Pesquisa inédita feita pelo Procon-SP com cerca de 1,7 mil brasileiros identificou que mais da metade dos entrevistados (55%) já sofreu discriminação ao ir às compras. Na maior parte das vezes, o preconceito está relacionado à aparência e é mais frequente em lojas de rua e agências bancárias. Segundo a pesquisa, negros e mulheres estão entre os principais alvos de preconceito, ainda que a maioria (60,8%) tenha declarado ter sofrido discriminação pela condição financeira. Na prática, isso se traduz em comportamentos como recusa ou demora no atendimento, resposta dada por 37% dos entrevistados. Agressões morais e físicas foram citadas em 20% dos casos.

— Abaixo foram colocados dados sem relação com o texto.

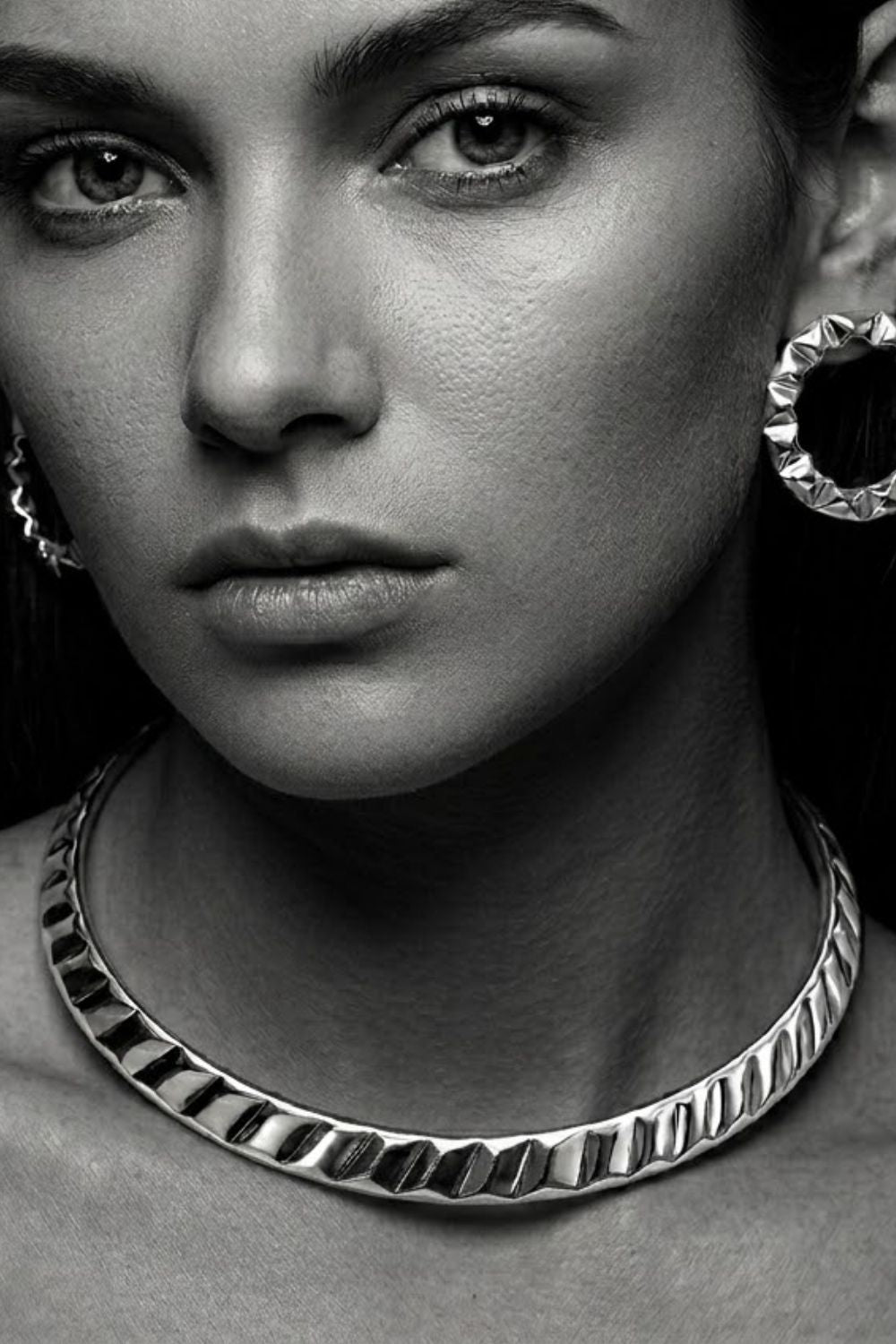 Choker Prateada Texturizada | Choker Rígida Prateada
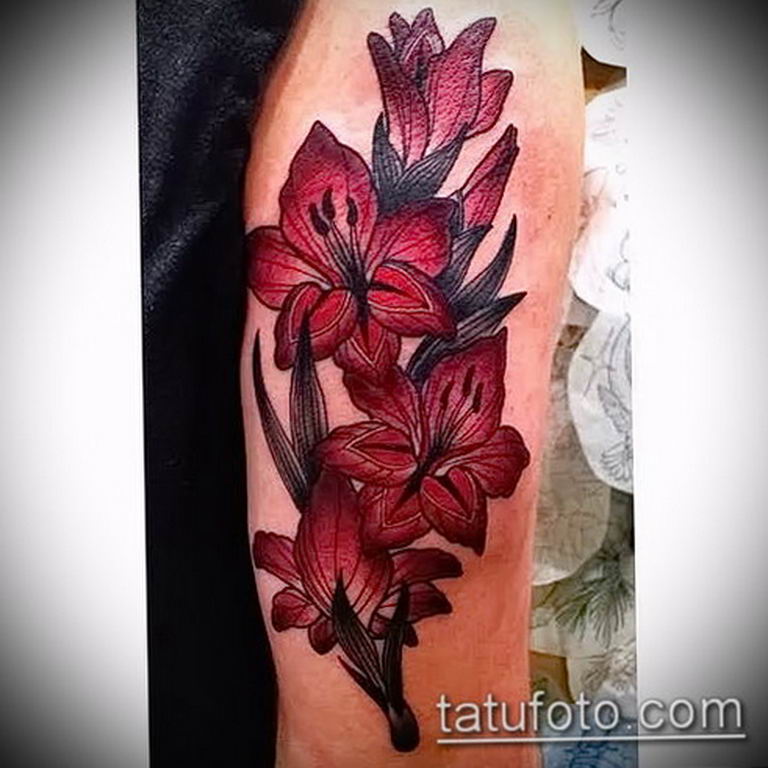 photo tattoo gladiolus 25.01.2019 №050 - drawing a tattoo flower gladiolus - tattoovalue.net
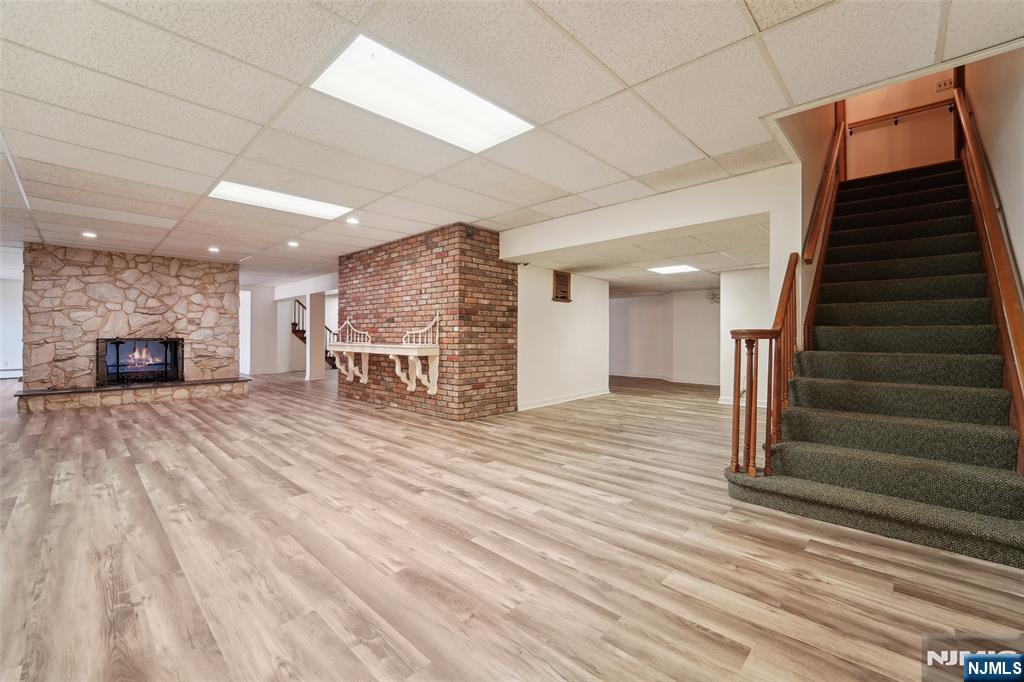 17 Deerhill Drive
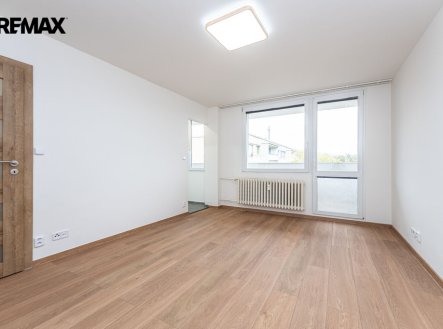 Pronájem bytu o dispozici 1+kk v ulici Na Růžovém poli, Kladno - Kročehlavy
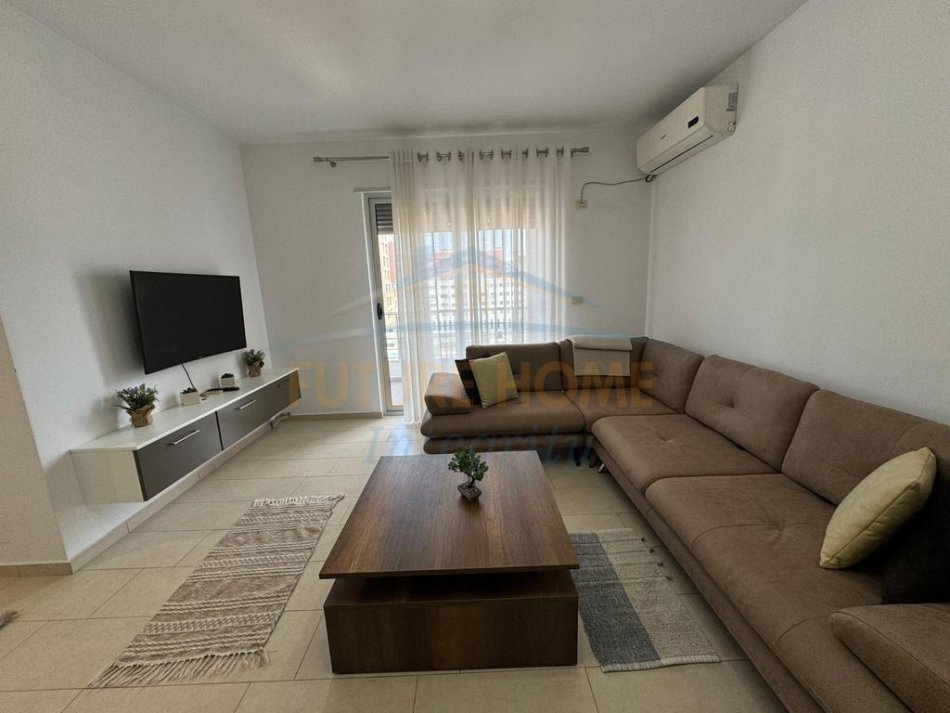 0683487469  Tirane, jepet me qera apartament 3+1+Aneks+Ballkon Kati 6, 120 m² 550 € (Prane Hotel Marinaj)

O levantamento revelou, ainda, que 62,4% dos discriminados possuem baixo poder aquisitivo e que a condição financeira foi o principal motivo da discriminação nas relações de consumo na percepção dos entrevistados (60,77%), seguidos pela cor (15,96%) e por ser mulher (8,20%).
Quanto ao local onde as pessoas foram discriminadas, os mais citados foram: 36,17% (331) declararam ter sido em uma loja (de roupas, calçados, eletroeletrônicos, entre outras), 16,28% (149) em estabelecimento financeiro (banco, financeira, seguradora e similares), 8,31% (76) em shopping center, 5,90% (54) em estabelecimento que oferece refeições e 5,14% (47) em concessionária de serviço público.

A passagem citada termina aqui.